Matching FORTRAN rounding in C#

Question

FORTRAN provides several functions to convert a double precision number to an integral value. The method used for truncation/rounding differs. I am converting complex scientific algorithms which use these.

According to FORTRAN documentation:
aint(x) returns the integral value between x and 0, nearest x.
anint(x) returns the nearest integral value to x, except halfway cases are rounded to the integral value larger in magnitude.
nint(x) converts x into int format rounding to the nearest int value, except halfway cases are rounded to the int value larger in magnitude.

Does anyone have an implementation of these in C#? It might be tricky getting it right.

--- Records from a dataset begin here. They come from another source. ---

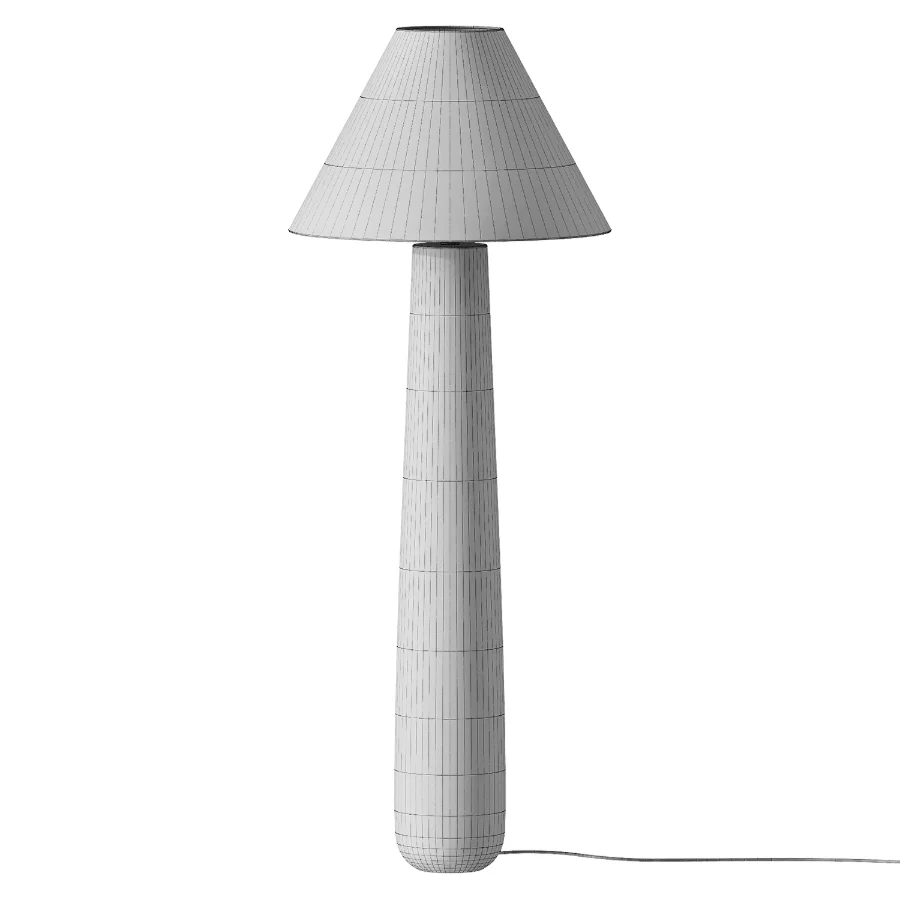 CB2 Polar White Cement Floor Lamp Image 2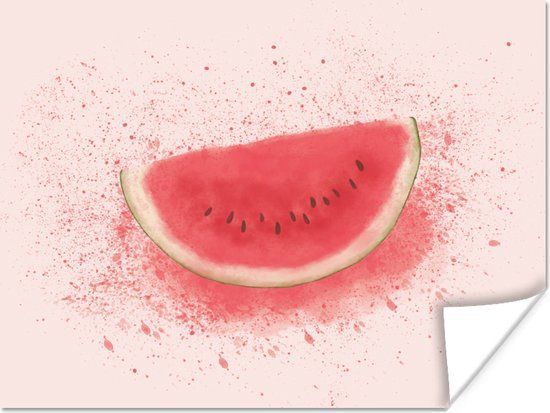 PosterMonkey Poster Watermeloen - Fruit - Pastel - Zomer - 40x30 cm
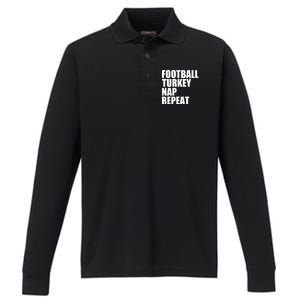 Football Turkey Nap Repeat Thanksgiving Gobble Family Lovers Gift Performance Long Sleeve Polo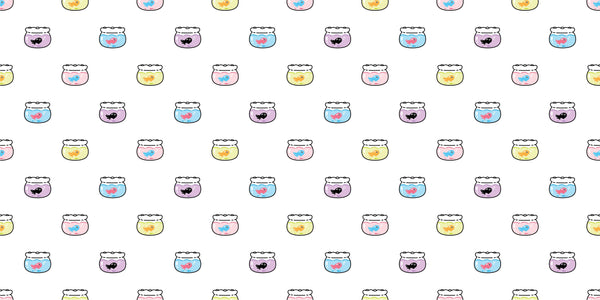 Goldfishes Doodle Wallpaper, Seamless Pattern Mural, Oversized Custom Size Wall Art, Non-Woven, Non-Adhesive, Modern Wall Paper, Removable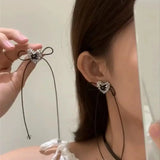 DAIIIBABYYY  -  Silver Plated Heart Ear Stud Long Band Rope Earrings for Women Korean Fashion Fairy Bow-knot Tassel Earring Jewelry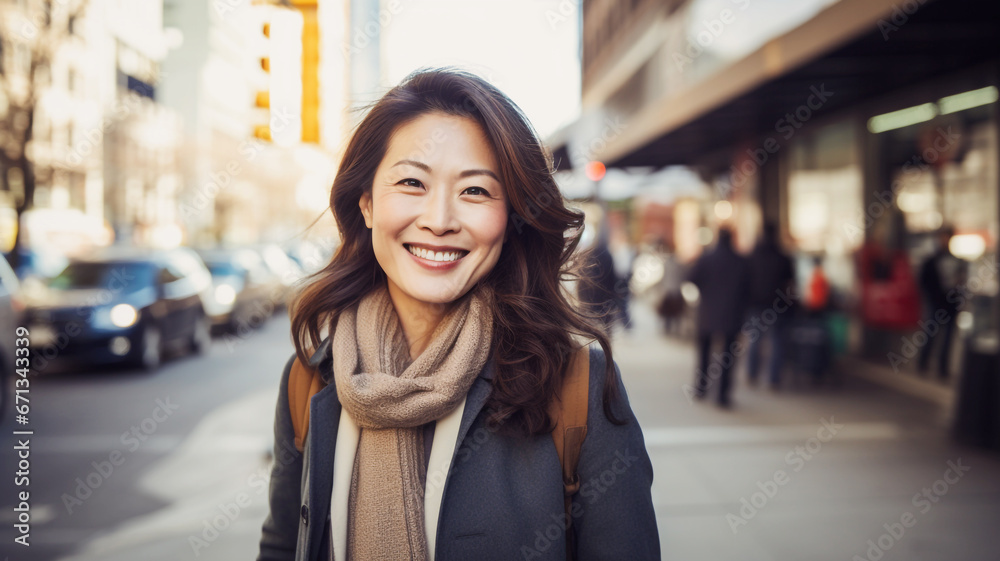 Portrait of an middle-aged asian woman in the city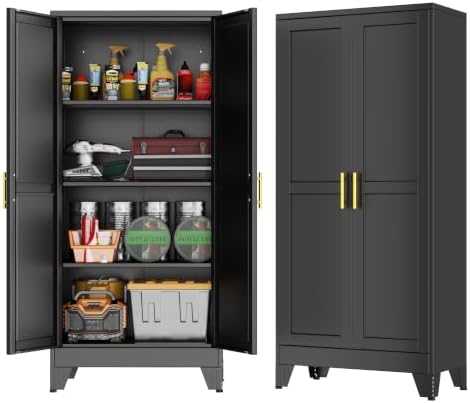 GAIOUS 61''Tall Metal Garage Storage Cabinet,File Cabinet with Door and Adjustable Shelves, Outdoor Steel Tool Cabinet for Home,Office,Warehouse,Garage,Black
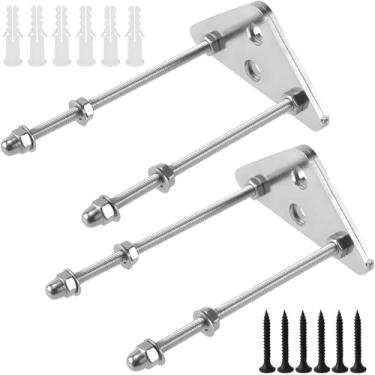 Imagem de Suporte de parede para skate de 2 peças, suporte de skate com 2 furos de parafuso, suporte de skate para pendurar skate horizontal ou verticalmente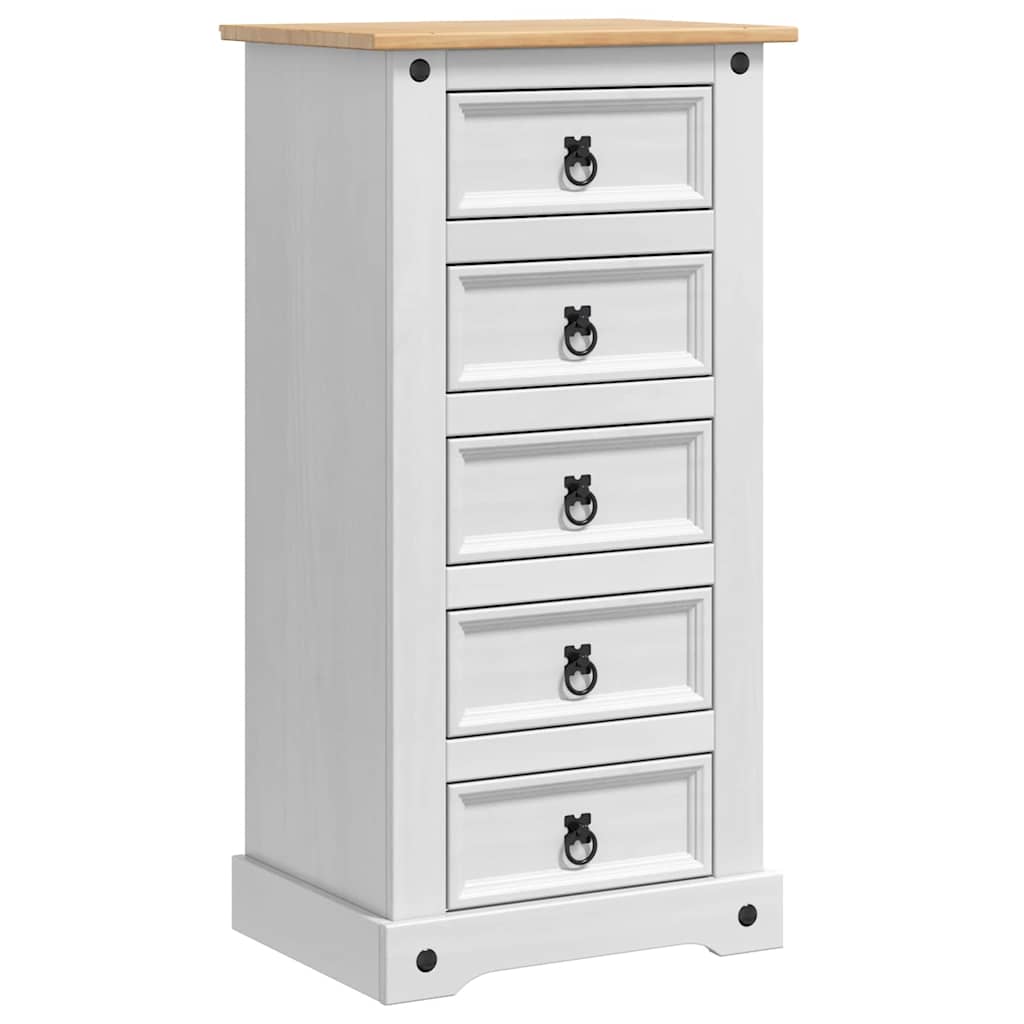 vidaXL Bedside Table Corona White 53 x 39 x 103 cm Solid Pine Wood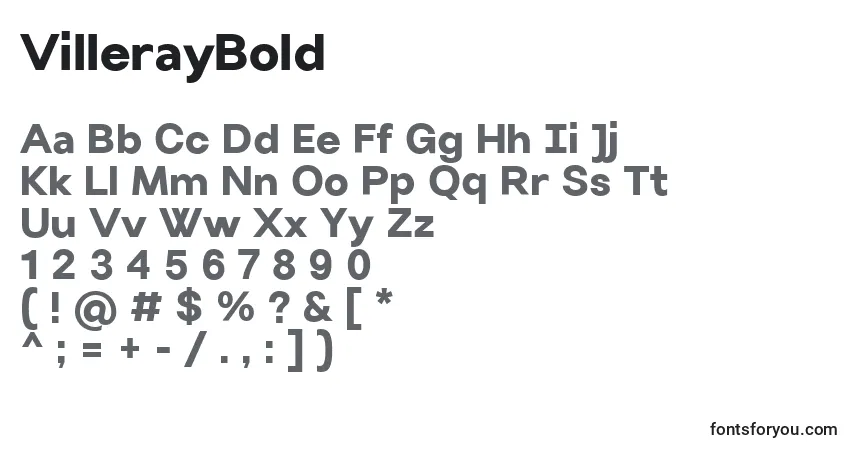 Шрифт VillerayBold – алфавит, цифры, специальные символы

(int)x appears to match aint()
Convert.ToInt32(x) does not match any of the above.
Trunc(x) does not match any of the above.
Round(x) might match anint or nint.

The difference between anint and nint seems to be the return type, where anint returns a double precision value but nint returns an integer. Both are used (acutal sample):
DOUBLE PRECISION A, B, C, D, E, F, G
... values set here ...
F = ANINT(A-B) + ANINT(C-D) + ANINT(B+D-E)
G = NINT(F) + 1D0;
Perhaps a FORTRAN expert could help clarify why the author chose to use both (I am assuming it was intentional).

Answer 1

From your definitions of the calls, nint and anint are provided by Math.Round using MidpointRounding.AwayFromZero.

For aint, an explicit cast from double to int will achieve that result.

Answer 2

From what I can see, aint() is just Math.Floor().

For the other two, I think you are right that the only difference is the return type: nint() returns an actual integer, while anint() returns a double (fortran: real) that happens to have an integral value.